Why MCP Security Starts With Identity

MCP gives agent clients a way to discover and call tools, resources, and prompts. That makes the endpoint more than a generic API URL. The agent is trusting the server's tool definitions, arguments, authorization flow, and responses. A secure connection starts by checking who owns the surface and which record declares it authoritative.

Google Cloud's MCP authentication guidance separates user credentials, service accounts, and agent identities. Microsoft guidance adds lifecycle and audit expectations for agent access. Those controls work best when the endpoint also has a public inspection path.

Pre-Connection Review

  • Resolve the endpoint from a canonical .agent identity or approved registry entry.
  • Fetch agent.json and confirm operator, purpose, endpoint URL, auth model, docs, and support route.
  • Check whether the MCP server uses OAuth-style authorization for protected resources.
  • Compare requested scopes against the agent's approved task.
  • Review tool definitions for risky names, broad write actions, or vague descriptions.
  • Confirm that logs capture authentication, authorization, tool name, arguments, result status, and blocked calls.
  • Verify terms, privacy, rate limits, and incident contact.
  • Set a review cadence and offboarding path for the connection.

Example Trusted Endpoint Record

{"agent":"procurement-review.agent","mcp_endpoint":"https://tools.example.com/mcp/procurement","operator":"Example Enterprise","auth":{"type":"oauth","resource":"https://tools.example.com"},"scopes":["vendors:read","quotes:read"],"docs":"https://tools.example.com/docs/mcp","terms":"https://tools.example.com/terms","logs":"tool_calls_and_blocks","status":"approved"}

Where HeadlessDomains.com Fits

HeadlessDomains.com gives MCP endpoint review a stable public record. Internal IAM and gateways decide whether an agent can call a tool. The .agent identity helps humans and agents inspect which endpoint is official, who controls it, where the docs live, and how to review or revoke the connection.

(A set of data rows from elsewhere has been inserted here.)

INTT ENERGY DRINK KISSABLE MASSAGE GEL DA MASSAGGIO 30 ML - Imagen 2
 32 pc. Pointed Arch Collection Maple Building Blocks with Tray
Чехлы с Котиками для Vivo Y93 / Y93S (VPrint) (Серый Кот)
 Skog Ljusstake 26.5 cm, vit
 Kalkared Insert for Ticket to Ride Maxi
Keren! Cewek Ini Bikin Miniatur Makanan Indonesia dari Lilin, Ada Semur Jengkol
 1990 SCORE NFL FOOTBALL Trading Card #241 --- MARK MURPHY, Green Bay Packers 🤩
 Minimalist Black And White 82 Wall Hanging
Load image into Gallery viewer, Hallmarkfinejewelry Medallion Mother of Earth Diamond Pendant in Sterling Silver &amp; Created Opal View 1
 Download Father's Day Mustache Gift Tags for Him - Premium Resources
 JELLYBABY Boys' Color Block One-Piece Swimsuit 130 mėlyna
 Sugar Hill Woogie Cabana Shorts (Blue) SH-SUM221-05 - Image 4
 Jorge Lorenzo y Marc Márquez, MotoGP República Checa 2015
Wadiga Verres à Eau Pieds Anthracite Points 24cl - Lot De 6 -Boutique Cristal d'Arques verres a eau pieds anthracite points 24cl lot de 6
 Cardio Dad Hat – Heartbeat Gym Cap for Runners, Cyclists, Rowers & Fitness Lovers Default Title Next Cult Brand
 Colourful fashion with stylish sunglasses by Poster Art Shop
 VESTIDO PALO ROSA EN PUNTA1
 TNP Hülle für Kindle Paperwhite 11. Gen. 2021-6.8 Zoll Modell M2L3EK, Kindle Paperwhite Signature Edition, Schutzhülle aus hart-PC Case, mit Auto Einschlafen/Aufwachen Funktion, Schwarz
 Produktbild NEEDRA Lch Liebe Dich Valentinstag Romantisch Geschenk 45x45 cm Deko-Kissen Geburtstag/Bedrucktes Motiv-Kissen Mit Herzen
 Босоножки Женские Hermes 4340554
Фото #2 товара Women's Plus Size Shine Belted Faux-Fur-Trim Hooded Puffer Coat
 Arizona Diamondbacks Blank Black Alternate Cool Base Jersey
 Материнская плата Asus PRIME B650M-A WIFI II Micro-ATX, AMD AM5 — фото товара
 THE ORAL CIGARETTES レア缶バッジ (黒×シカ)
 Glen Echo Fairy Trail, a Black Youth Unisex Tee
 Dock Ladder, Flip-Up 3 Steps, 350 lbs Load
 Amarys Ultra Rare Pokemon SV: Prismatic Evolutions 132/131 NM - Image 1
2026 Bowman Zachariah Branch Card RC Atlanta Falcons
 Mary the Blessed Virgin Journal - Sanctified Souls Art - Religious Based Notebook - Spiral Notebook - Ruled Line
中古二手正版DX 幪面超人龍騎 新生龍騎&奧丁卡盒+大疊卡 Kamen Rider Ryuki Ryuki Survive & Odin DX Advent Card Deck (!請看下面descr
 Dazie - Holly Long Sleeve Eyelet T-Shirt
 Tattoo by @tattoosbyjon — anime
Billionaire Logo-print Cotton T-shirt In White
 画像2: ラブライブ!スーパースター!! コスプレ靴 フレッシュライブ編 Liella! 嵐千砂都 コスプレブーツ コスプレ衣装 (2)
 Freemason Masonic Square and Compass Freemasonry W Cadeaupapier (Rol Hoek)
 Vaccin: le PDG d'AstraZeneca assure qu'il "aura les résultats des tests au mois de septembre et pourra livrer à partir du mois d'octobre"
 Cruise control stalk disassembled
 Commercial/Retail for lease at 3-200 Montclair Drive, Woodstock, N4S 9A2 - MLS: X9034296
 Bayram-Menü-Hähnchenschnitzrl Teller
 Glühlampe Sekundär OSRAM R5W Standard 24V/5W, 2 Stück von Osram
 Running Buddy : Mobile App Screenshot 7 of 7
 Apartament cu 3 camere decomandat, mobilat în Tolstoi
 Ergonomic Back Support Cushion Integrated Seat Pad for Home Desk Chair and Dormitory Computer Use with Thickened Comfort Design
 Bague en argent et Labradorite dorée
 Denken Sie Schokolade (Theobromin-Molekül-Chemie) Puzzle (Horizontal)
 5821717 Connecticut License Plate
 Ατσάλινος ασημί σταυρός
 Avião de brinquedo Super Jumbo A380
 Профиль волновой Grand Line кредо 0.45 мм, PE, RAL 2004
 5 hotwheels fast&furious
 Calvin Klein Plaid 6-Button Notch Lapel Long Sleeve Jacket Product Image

Use the AI Agent Identity Security hub with the Agent Registry Checklist so MCP endpoints are tied to owners, scopes, logs, and lifecycle state.

Related Reading

Sources

FAQ

What is MCP security?

MCP security is the set of identity, authorization, scope, logging, endpoint, and policy checks used before an agent connects to a Model Context Protocol server or tool surface.

What should be checked first?

Start with owner and endpoint authenticity. If the server cannot prove who operates it and which URL is official, the agent should not rely on its tool definitions.

Should every MCP endpoint be public?

No. Private endpoints can remain internal. Public or partner-facing endpoints should have an inspectable identity record, docs, auth model, and support route.

Where does agent.json fit?

agent.json can declare the official MCP endpoint, operator, auth model, scopes, docs, terms, support route, and proof links so callers can inspect the surface before connecting.